The same will likely happen to Tesla. Management has claimed that it could potentially ship 40,000 cars/year in the coming fiscal year. This means that the stock is building this expectation in. If the company even so much as misses this estimate slightly or - more likely - someone is able to show, with pretty reasonable evidence, that the company isn't on track to hit those numbers (or if gross margins turn out to be worse than expected, for example) then the stock will crater. If Tesla hits those numbers, the situation is still thorny because with a 40k car expectation for the next year, the year after that will have to yet again impress to justify this nosebleed valuation. At some point the game of musical chairs ends, but the question is how long does it go on?

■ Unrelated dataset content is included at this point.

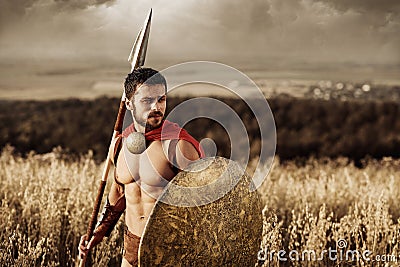 Muscular medieval warrior standing in the field Stock Photo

Be careful in getting close to these bubble stocks. They can be immensely lucrative if you can trade them with discipline, but they can be disastrous if you are a wide-eyed believer of the thesis and end up maxing your margin credit card to allocate an unwieldy portion of your net worth to the shares. This stock will eventually crash, and the "long term" buy and holder types will end up in a similar position as those who bought Broadcom (BRCM) at $150+ back during the NASDAQ bubble - with losses that will likely not be recovered during your lifetime.